Sangre en las aceras

Ile de Montreal

Ile de Montreal

pupilas dilatadas, el pulso te va a mil. ahora empieza la subida, el éxtasis. te habías prometido una y mil veces que no volverías, que lo dejarías, pero entre visión y visión la verdad se hace latente. eres un adicto. naciste del lado equivocado de la valla, del lado equivocado de la ciudad, del lado equivocado de la vida. estás solo. todos se han apartado de ti. ahora con el chute, estás volando, no sabes ni siquiera donde estás. quizás sea un descampado, una tienda de campaña de ciudad, una acera del Raval o quizás ya te haya borrado la muerte. para el resto de la sociedad no eres nadie. no eres ni reciclable. no vales nada. en realidad, la vida, te lo lleva recordando desde que tienes uso de razón. nadie ha apostado por ti. nadie ha dado un duro por tu futuro. aquí vale el ahora, el ahora o el nunca. hay que sacar la cabeza como sea, pero el agua lo cubre todo. aquellos que deberían ayudarte, guiarte, son los que cuando te ven luchar desde más abajo te tiran hacia ellos. o todos o nadie. de dónde tú vienes el amor es algo del marketing capitalista. sale reflejado en el televisor. nunca tuviste realmente una oportunidad para coger oxígeno. para ser uno de los que se mueven por la realidad con la cabeza alta, con teléfono móvil o gafas de sol a la moda. tú eres el que les mira desde abajo, con el cartón entre las piernas pidiendo una ayuda, pero todos pasan de largo.

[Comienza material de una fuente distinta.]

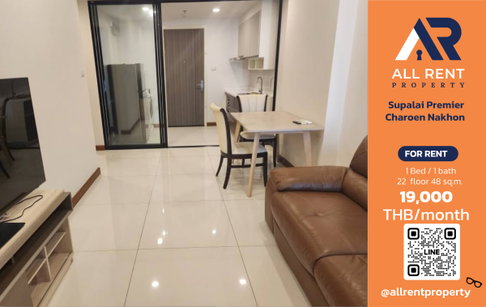 🔥 Supalai Premier Charoen Nakhon ห้องใหญ่ 48 ตร.ม. ชั้น 22 ใกล้ ICONSIAM เพียง 19,000 บาท/เดือน พร้อมเข้าอยู่! 🏙️✨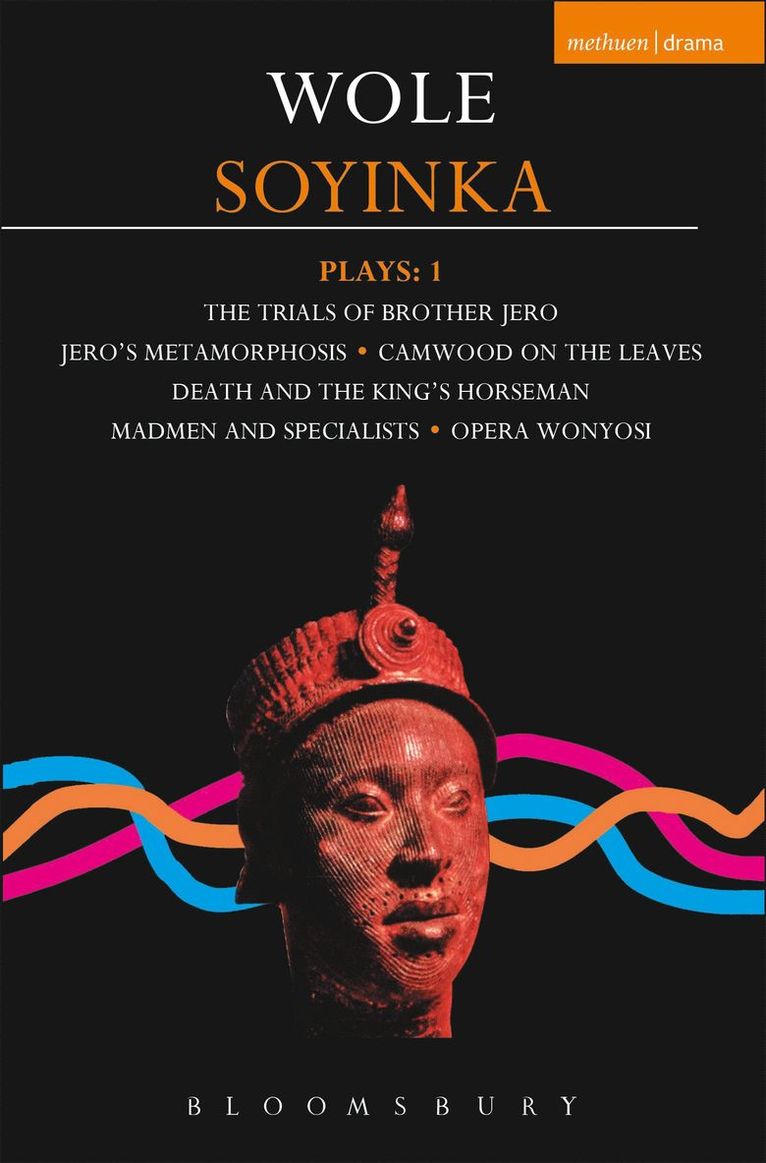 Soyinka Plays: v. 1 'Brother Jero'; 'Camwood on the Leaves'; 'Death and the King's Horseman'; 'Madmen and Specialists'; 'Opera Wonyosi' 1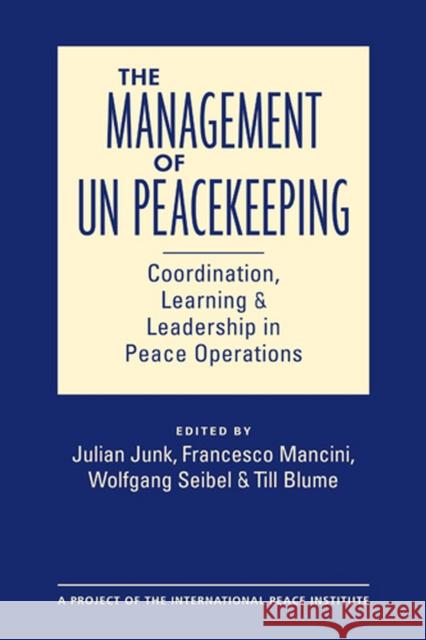 The Management of UN Peacekeeping: Coordination, Learning, and Leadership in Peace Operations Julian Junk Francesco Mancini Wolfgang Seibel 9781626375857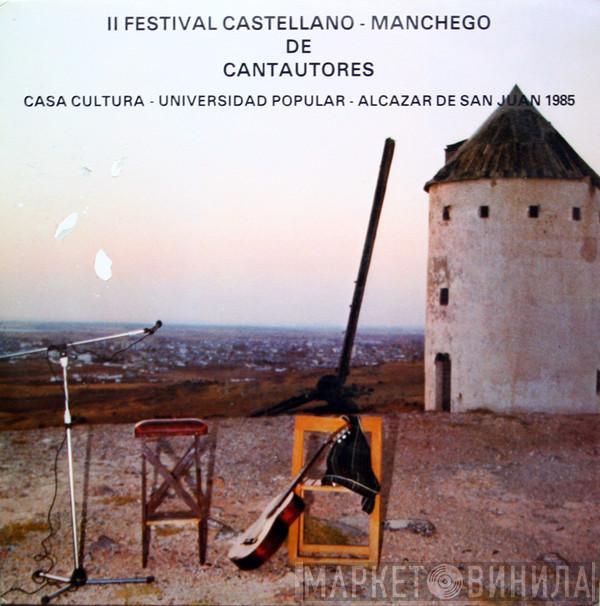  - II Festival Castellano - Manchego De Cantautores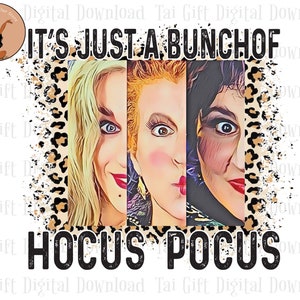 It&#39;s Just a Bunch Witch Halloween Png, Witch Sisters Png, Halloween Sisters Png, Trick Or Treat Png, Spooky Vibes Png, Halloween for Shirt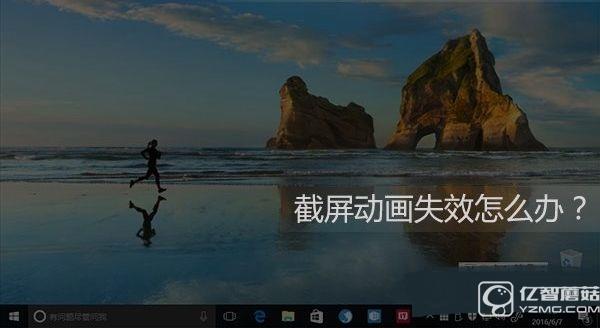 Win10截屏動畫失效怎么辦 Win10截屏動畫失效解決辦法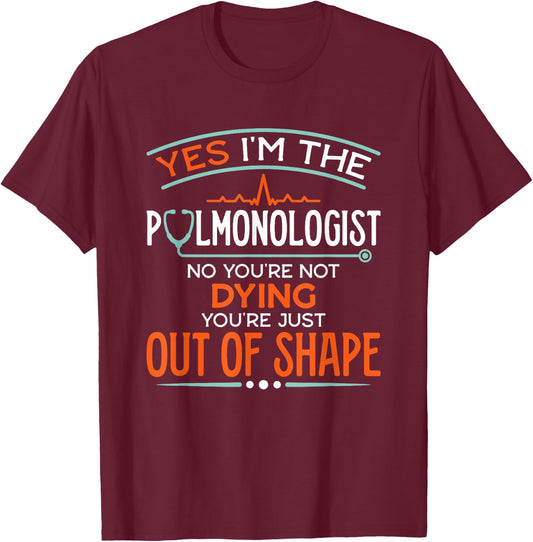 Lung Doctor Pulmonology Specialist Yes I'm The Pulmonologist T-Shirt - T-Shirt | Maroon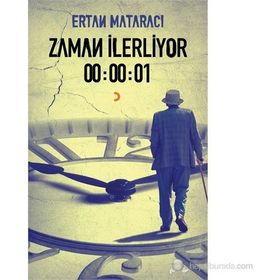ZAMAN İLERLIYOR 00:00:01 - ERTAN MATARACI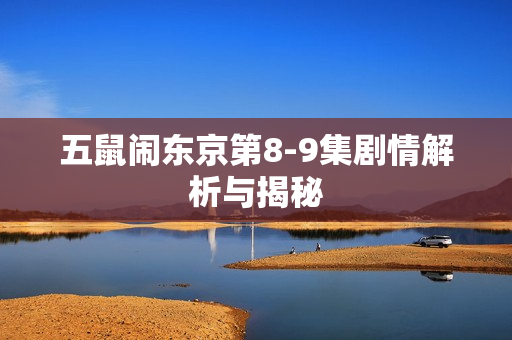 五鼠闹东京第8-9集剧情解析与揭秘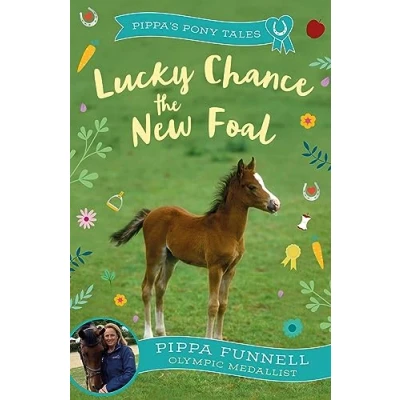 Abbildung von Lucky Chance the New Foal (Pippa&#039;s Pony Tales)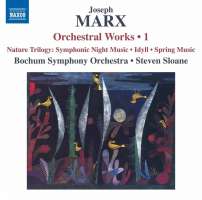 Marx: Orchestral Works Vol. 1
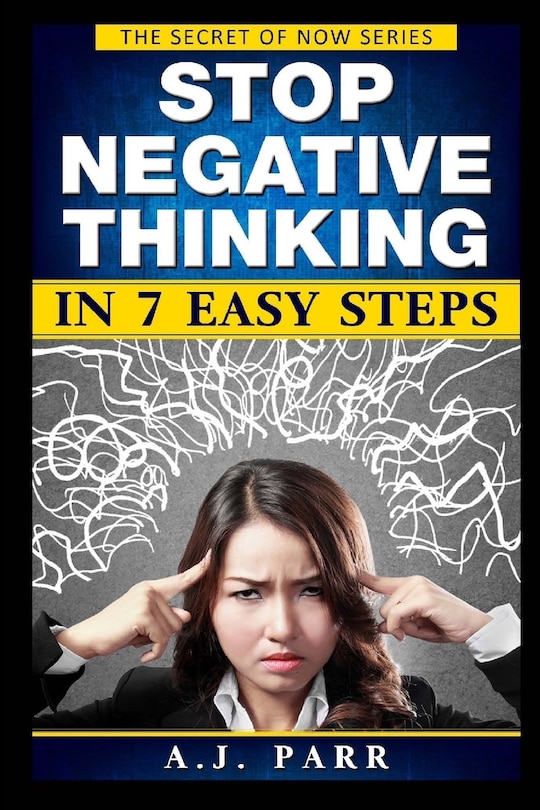 Front cover_Stop Negative Thinking in 7 Easy Steps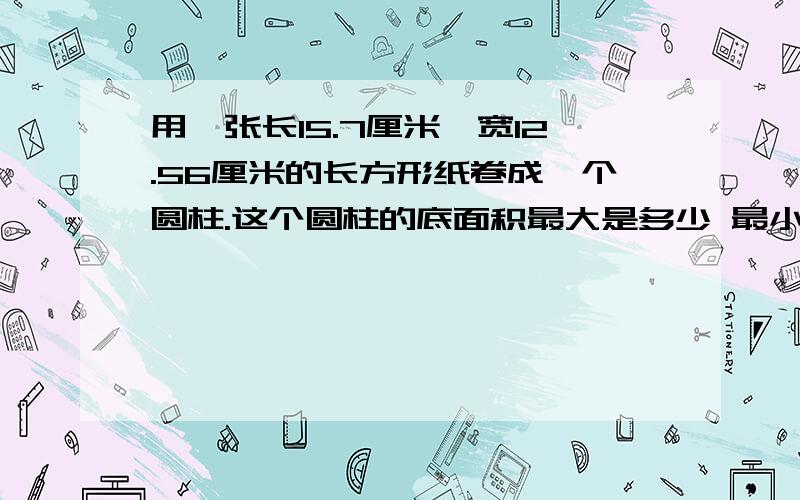 用一张长15.7厘米,宽12.56厘米的长方形纸卷成一个圆柱.这个圆柱的底面积最大是多少 最小是多少 速回 快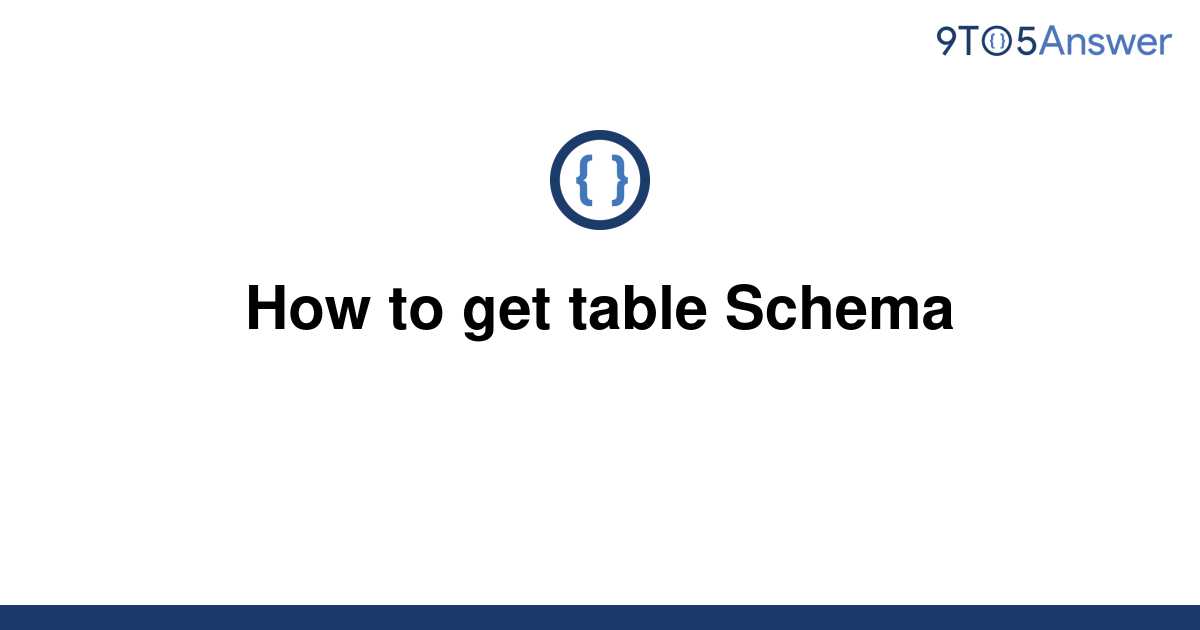 solved-how-to-get-table-schema-9to5answer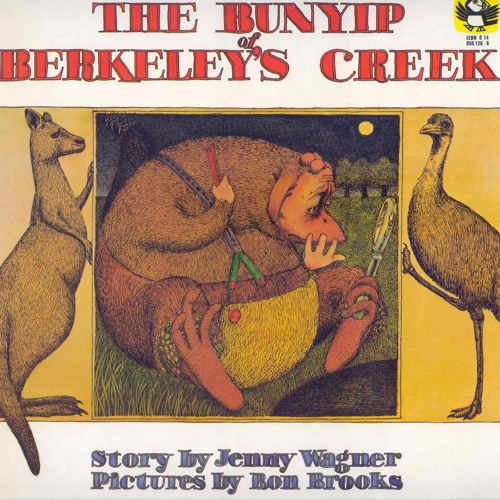 The Bunyip of Berkeley's Creek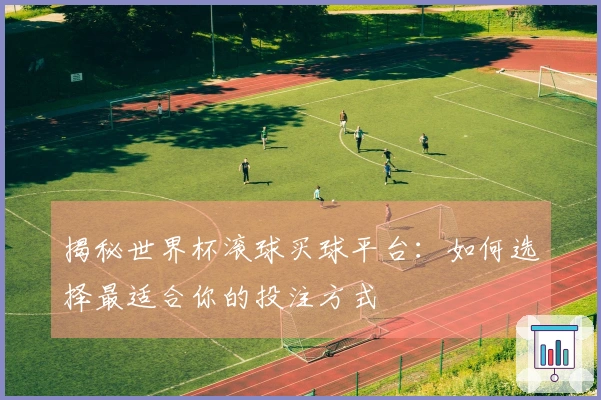 揭秘世界杯滚球买球平台：如何选择最适合你的投注方式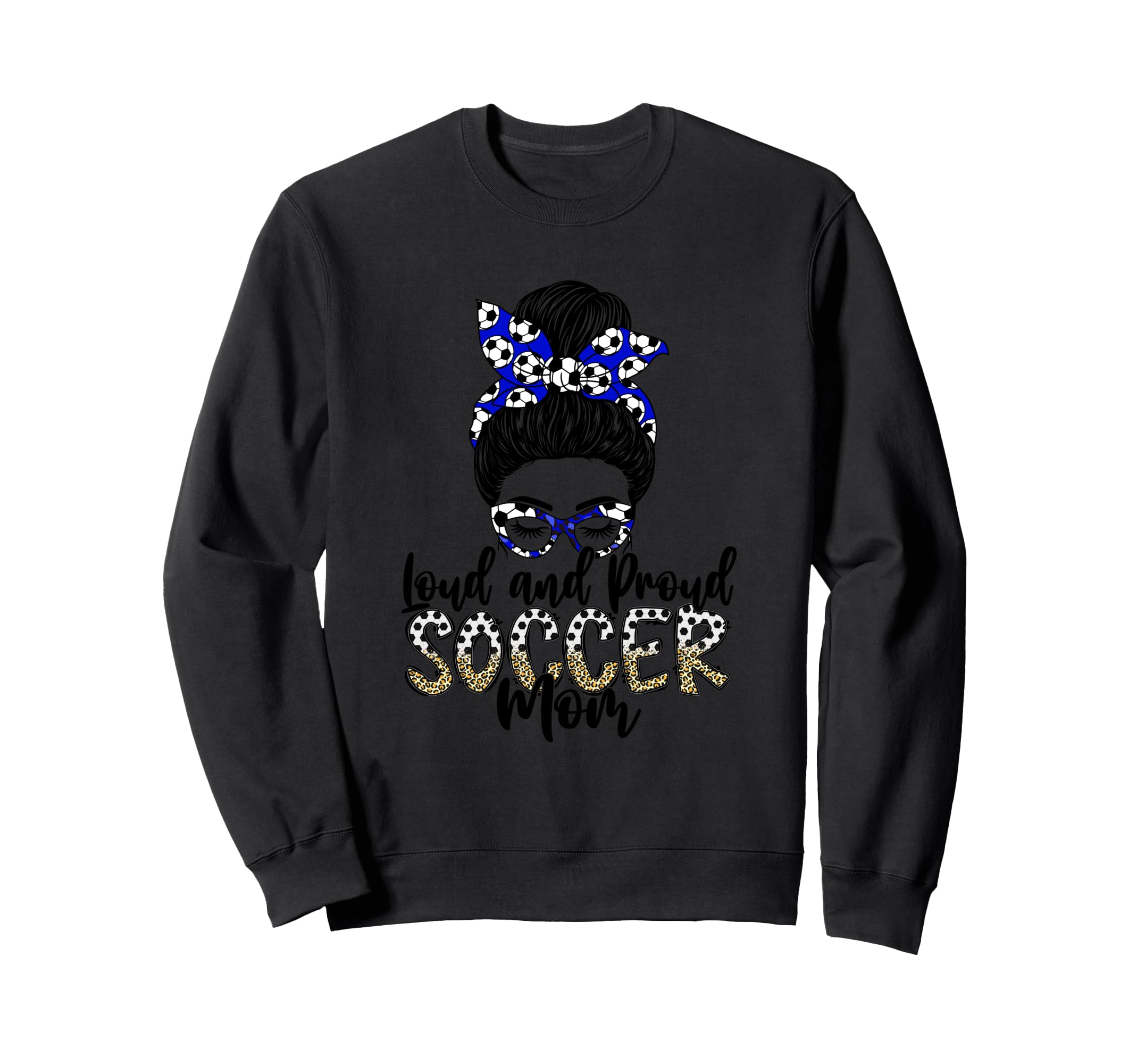 Loud And Proud Soccer Mom Stylish Sweatshirt - Trendy Graphic Men Women - T-Shirt, Sweatshirt, Hoodie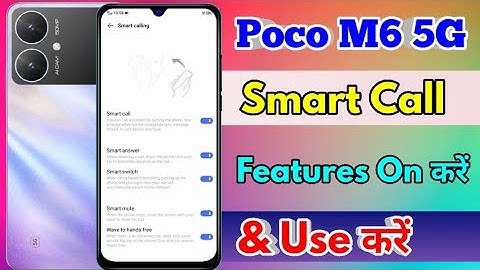 how to smart call in poco m6 5g | poco m6 5g smart call setting kaise kare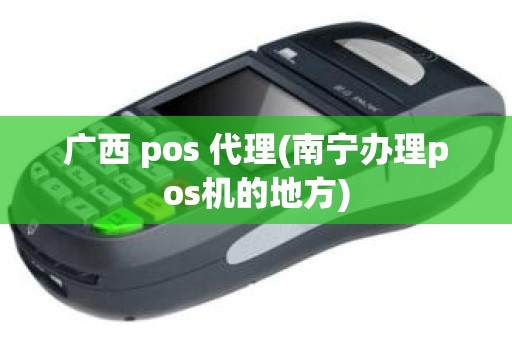 广西 pos 代理(南宁办理pos机的地方)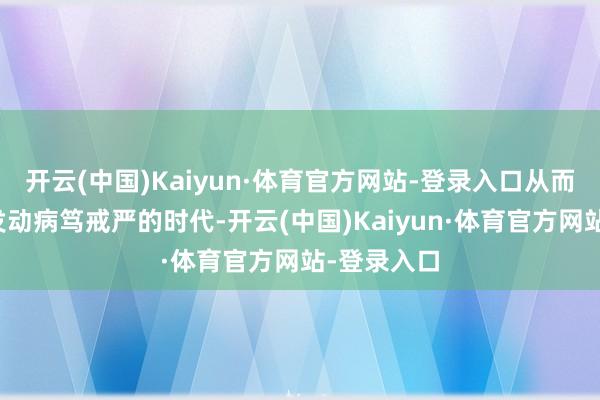 开云(中国)Kaiyun·体育官方网站-登录入口从而以此动作发动病笃戒严的时代-开云(中国)Kaiyun·体育官方网站-登录入口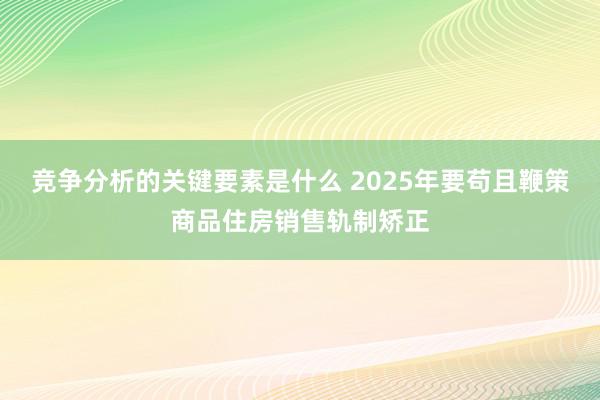 竞争分析的关键要素是什么 2025年要苟且鞭策商品住房销售轨制矫正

ahora duermes, estás cansado de luchar. las lágrimas se secaron hace mucho tiempo. y si fluyera algún líquido de tus lagrimales, nadie repararía en ello. ellos no te miran, en realidad ellos te temen. temen que alguien pueda acabar así. temen ser tú, después de una bofetada de la vida. por eso no te miran. por eso no te hacen caso. se miden contigo y saben que nunca serán tú. pero tú, también eres fruto de ellos. tú fuiste el niño que nadie educó. por el que todos sentían pena, pero nadie hacía nada. de albergue en albergue. de pelea en pelea. dejaste de ser el niño para ser un error más del sistema. ya no das lástima siquiera. o eso es lo que se repite en tu cabeza. día tras día. hora tras hora. en realidad, este es uno más de tus sueños lúcidos. aquellos sueños que tu llamas premonitorios. dentro de ti. en lo más oscuro de tu pozo, quizás en el inicio de todo tu dolor enquistado, brilla un pequeño halo de luz. tan débil, que solo puedes ver en sueños. en realidad, ahora lo único que estoy haciendo es narrarlo. no puedo dejar de teclear algo, que yo no soy. algo que yo no he sido. quizás el reflejo del ordenador sea esa pequeña luz que brilla en un día de frio, en una acera de una gran ciudad americana. allí, se acaba de apagar una vida más. no se dará cuenta nadie hasta al cabo de unos días. quizás alguien que quiso preocuparse por esa luz ahora apagada, quizás alguien en la misma situación. pero nadie se pregunta, ni de un lado, ni del otro, quien es la persona que yace allí, entre harapos y chatarra. nadie se pregunta quién maltrató a esta persona para que la vida le llevara a morir en una acera fría y gris, de un mes de diciembre cualquiera. nadie le velará. no llevará identificativo su lápida. aquella pequeña luz enquistada en lo más hondo de su alma le despide y le saluda. lo siento compañero de experiencia terrenal, la suerte nunca la tuviste de tu lado. ahora te pongo voz y cierro tu expediente de alguna forma.

mañana alguien anónimo pondrá unas flores donde estaba tu pequeño fuerte a modo de tienda de campaña, junto a estas palabras: «Bajo la enseña de la libertad, sigue muriendo demasiada gente pisoteada.»